A culinária nortista, por exemplo, é rica em elementos da cultura indígena, como a maniçoba e a utilização do tucupi em pratos típicos. Frutos como o caju e a acerola eram consumidos pelos indígenas, e os seus respectivos nomes tiveram origem nas línguas tupi.


Portanto, se você leitor gosta de tomar açaí, guaraná e comer uma tapioca, saiba que estas são heranças dos hábitos alimentares indígenas. E quando estiver relaxando numa rede, mais uma herança indígena, aproveite para refletir sobre o quanto aqueles que chegaram primeiro ao nosso país foram e continuam sendo desrespeitados.


Descolonizando saberes


"É importante que exista no ambiente educacional espaço de discussão sobre as questões indígenas. Os povos indígenas são verdadeiramente os primeiros habitantes do nosso país. São as pessoas que têm uma história de ligação com a nossa floresta, com a nossa terra, e que precisa ser conhecida. Há um desconhecimento sobre esses povos. Pouco ou nada temos nos nossos currículos escolares sobre a cultura indígena, para que a gente conheça os costumes, as formas de ser e estar no mundo, que se diferem bastante da forma que a maioria da população brasileira vive. Conhecer esses povos, respeitá-los e valorizá-los, é fundamental," reflete Rosana Machado, pró-reitora de Extensão do IF Sudeste MG.

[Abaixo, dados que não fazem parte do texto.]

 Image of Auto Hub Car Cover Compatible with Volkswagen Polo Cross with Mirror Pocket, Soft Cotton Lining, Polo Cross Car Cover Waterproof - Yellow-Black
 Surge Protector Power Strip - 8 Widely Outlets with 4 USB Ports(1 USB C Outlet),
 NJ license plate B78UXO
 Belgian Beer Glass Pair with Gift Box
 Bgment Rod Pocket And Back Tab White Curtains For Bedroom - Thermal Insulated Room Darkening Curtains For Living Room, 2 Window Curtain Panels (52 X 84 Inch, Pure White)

Se mesmo diante de tanta riqueza, é uma imagem negativa que nos vem à cabeça no Dia dos povos indígenas,  é preciso refletir, conhecer, mobilizar, para então, valorizar. E trazer as questões indígenas para o ambiente educacional pode ser o caminho mais curto rumo a valorização desses povos:


Para Bia Possato, professora do Núcleo de Literatura do Campus Santos Dumont e presidente do NEABI de lá, dar espaço para discutir as questões indígenas no ambiente educativo é uma questão de direito, de igualdade, de reconhecimento, de preservação da natureza e de conservação da cultura dos povos que são originários:  "Infelizmente, os povos indígenas foram subjugados ao longo da história e seu extermínio continua acontecendo paulatinamente, a partir de políticas neoliberais que tentam aniquilar suas culturas, seus saberes, seus modos de vida, facilitando a invasão de suas terras e a contaminação de suas águas. O que vemos são políticas que visam muito mais o desenvolvimento nada sustentável, o 'progresso', do que o que nos constitui como seres humanos", afirma Bia.

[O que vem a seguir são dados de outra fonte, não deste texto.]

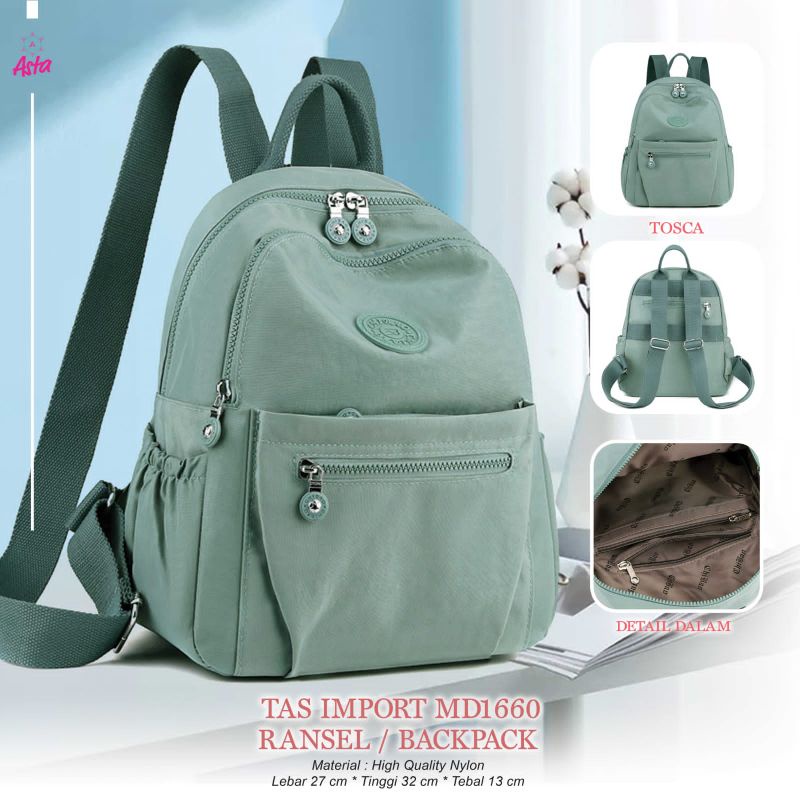 Tas ransel korea bahan nilon anti air kode MD1660
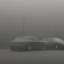 Placeholder: An empty carpark on a misty day. Telegraph poles and wires. Muted tones. Tilted horizon. With blotches, blurry areas and lens noise and grain. Hyper realistic Photo 4k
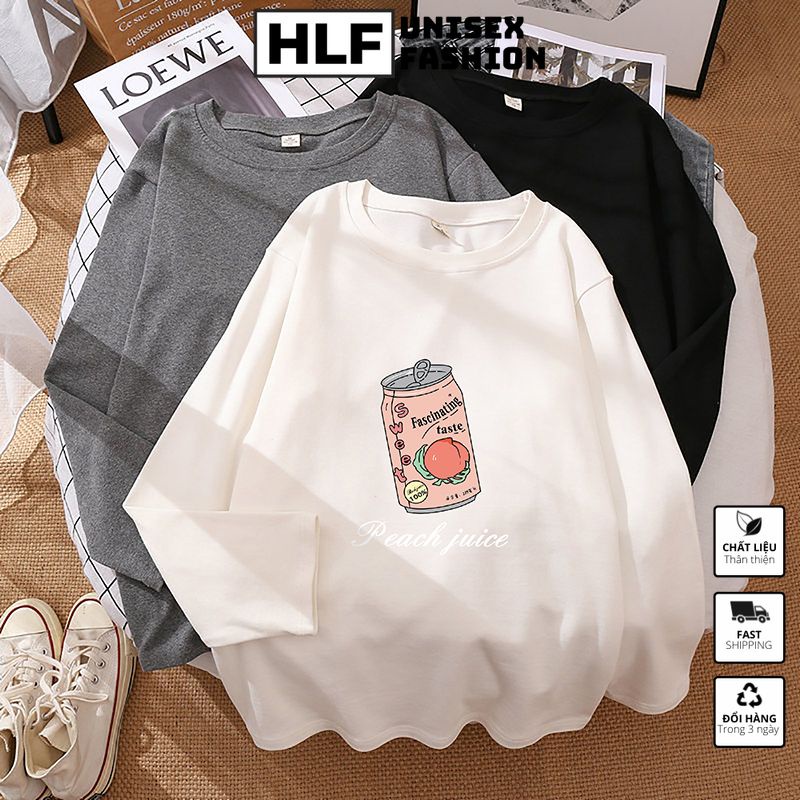 Áo thun dài tay form xuông rộng trà đào, áo thu đông nữ HLFashion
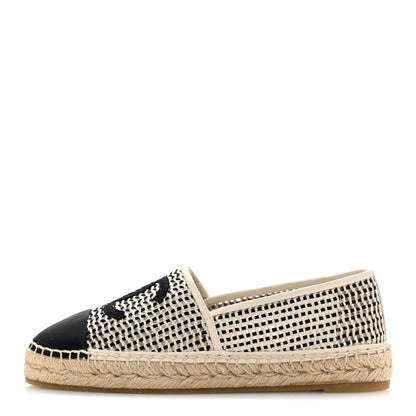 Chanel Mesh Grosgrain CC Espadrilles 39 Beige Black 1 of 9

A professora alerta que, apesar de toda a riqueza cultural, os indígenas foram e continuam sendo desrespeitados no nosso país. Para ela, mudar esta realidade passa necessariamente pela descolonização dos saberes:


"Os povos indígenas, em toda sua diversidade, com toda sua riqueza cultural e preservação ambiental de seus territórios, foram, ao longo dos anos, mais do que desprotegidos legalmente, foram explorados, e houve uma tentativa clara de indigenocidio. Apesar de tantas reivindicações e lutas, os povos indígenas permaneceram à margem da sociedade, pois a tentativa do projeto neoliberal sempre foi da aculturação colonizadora. O desconhecimento dos não indígenas sobre os modos de vida, culturas, crenças, saberes dos povos indígenas colabora para que esse extermínio continue acontecendo, pois perpetua a imagem de um indígena do passado, quiçá que nunca tenha existido, ligado ao selvagem, ao exótico e muitas vezes, ao ignorante que trocou suas terras por um espelho (imagem que é continuamente reproduzida nas escolas)", reflete a docente.

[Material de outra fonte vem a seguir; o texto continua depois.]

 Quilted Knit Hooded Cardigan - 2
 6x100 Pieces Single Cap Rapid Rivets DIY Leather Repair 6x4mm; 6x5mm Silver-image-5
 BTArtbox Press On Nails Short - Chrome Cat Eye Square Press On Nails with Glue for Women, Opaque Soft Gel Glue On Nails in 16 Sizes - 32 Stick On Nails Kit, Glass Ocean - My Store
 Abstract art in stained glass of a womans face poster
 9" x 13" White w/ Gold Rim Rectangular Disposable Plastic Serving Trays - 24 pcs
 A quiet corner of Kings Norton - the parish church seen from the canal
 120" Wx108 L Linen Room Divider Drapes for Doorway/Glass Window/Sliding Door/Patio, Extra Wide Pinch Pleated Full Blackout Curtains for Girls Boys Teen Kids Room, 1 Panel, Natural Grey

Nesse sentido, a educação tem o papel fundamental de descolonizar os saberes e trazer ao debate as resistências e lutas dos povos indígenas nos dias atuais, bem como todas as potencialidades de suas culturas e saberes. Vemos ao longo dos anos as imagens estereotipadas que os não indígenas carregam dos povos indígenas, frutos do pensamento colonial que sempre os inferiorizou, e, segundo Bia, nas instituições educativas não poderia ser diferente:


"Por esse motivo, é de extrema importância que haja espaços de debate no IF Sudeste MG, promovidos pelos NEABIs ou não, que tratem das existências, das resistências, das lutas históricas e dos modos de vida dos povos indígenas, entre outros, preferencialmente a partir de suas próprias narrativas. Essas discussões devem fazer parte do currículo. Apenas trabalhar a história dos povos indígenas, com uma imagem congelada do passado, não irá contribuir para que tenhamos uma sociedade mais equânime e inclusiva. Para isso é necessário que a educação se descolonize e passe a valorizar os saberes milenares de nossos povos originários. Embora haja muitos autores indígenas que têm produzido uma material riquíssimo, esses saberes normalmente são orais e, portanto, é muito mais interessante obtê-los por meio das narrativas dos próprios indígenas. Por esse motivo, é importante se ampliem os espaços que possibilitem as narrativas dos próprios indígenas. Espaços que possam favorecer o debate, a quebra de paradigmas e romper com a invisibilidade que sempre foram submetidos", propõe Beatris.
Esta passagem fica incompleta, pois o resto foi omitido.